Field of Disclosure
Embodiments described herein generally relate to a framework for encoding related, weighted, ordered arrangements of data as a sub-symbolic code. The sub-symbolic code provides a seamless framework for performing operations such as searching, indexing, clustering, and data transformation and/or data translation.
Description of Related Art
The background description provided herein is for the purpose of generally presenting the context of the disclosure. Work of the presently named inventors, to the extent the work is described in this background section, as well as aspects of the description that may not otherwise qualify as prior art at the time of filing, are neither expressly nor impliedly admitted as prior art against the present disclosure.
High-dimensional data is difficult to encode and interpret. One approach is to simplify the data by assuming that the data of interest lies on an embedded non-linear manifold within a higher-dimensional space. If the manifold is of a low enough dimension, then the data can be visualized in the low dimensional space. However, all of the currently available data processing techniques require (and thereby assume) that the spaces are homogenous, and that only one manifold per space exist.

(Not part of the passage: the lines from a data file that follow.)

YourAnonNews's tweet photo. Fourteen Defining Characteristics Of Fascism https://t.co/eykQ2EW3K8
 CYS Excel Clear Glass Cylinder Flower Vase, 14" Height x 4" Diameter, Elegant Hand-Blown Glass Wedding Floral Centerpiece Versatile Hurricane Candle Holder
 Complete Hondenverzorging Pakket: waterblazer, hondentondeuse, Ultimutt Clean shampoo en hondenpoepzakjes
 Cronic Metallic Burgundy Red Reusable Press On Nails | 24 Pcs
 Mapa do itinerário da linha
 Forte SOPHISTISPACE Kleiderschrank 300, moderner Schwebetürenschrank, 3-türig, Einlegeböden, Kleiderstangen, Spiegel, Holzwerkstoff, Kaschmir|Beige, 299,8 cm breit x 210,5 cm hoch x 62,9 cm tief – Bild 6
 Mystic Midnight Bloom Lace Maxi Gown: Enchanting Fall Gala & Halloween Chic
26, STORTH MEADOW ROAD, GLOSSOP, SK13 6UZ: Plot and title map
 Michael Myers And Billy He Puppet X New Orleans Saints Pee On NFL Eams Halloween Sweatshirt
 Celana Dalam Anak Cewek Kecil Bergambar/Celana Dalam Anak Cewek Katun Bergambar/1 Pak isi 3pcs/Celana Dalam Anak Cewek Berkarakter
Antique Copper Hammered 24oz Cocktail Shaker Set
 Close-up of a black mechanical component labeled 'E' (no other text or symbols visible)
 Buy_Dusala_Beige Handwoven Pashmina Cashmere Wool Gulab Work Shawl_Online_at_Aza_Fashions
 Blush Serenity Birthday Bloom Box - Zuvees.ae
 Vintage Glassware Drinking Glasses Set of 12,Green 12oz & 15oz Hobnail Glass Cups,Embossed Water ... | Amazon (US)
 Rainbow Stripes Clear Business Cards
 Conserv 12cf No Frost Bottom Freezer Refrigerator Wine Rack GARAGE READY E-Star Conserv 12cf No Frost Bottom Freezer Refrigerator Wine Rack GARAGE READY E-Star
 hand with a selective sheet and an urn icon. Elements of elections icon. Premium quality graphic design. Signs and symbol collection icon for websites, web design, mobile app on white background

Furthermore, all of the currently available data processing techniques use some form of underlying proximity matrices and traditional vector space approaches such as latent semantic analysis, principle components analysis, multidimensional scaling, neural networks, as well as variants of all the preceding approaches to process the data. Moreover, a major drawback of such data processing methods is that ordered relationships between data are made as symmetric distance measurements. Thus, in the framework of such data processing techniques, the original order dependent properties of data are lost. For instance, statements like “the man bit the dog” are indiscernible from statements like “the dog bit the man”.
Accordingly, there is a requirement for a framework that can represent and process data relationships in a manner, wherein the framework supports multiple manifolds in possibly heterogeneous spaces, and wherein each manifold or plurality of manifolds may have a unique attitude, orientation, and stance within the higher dimensional space.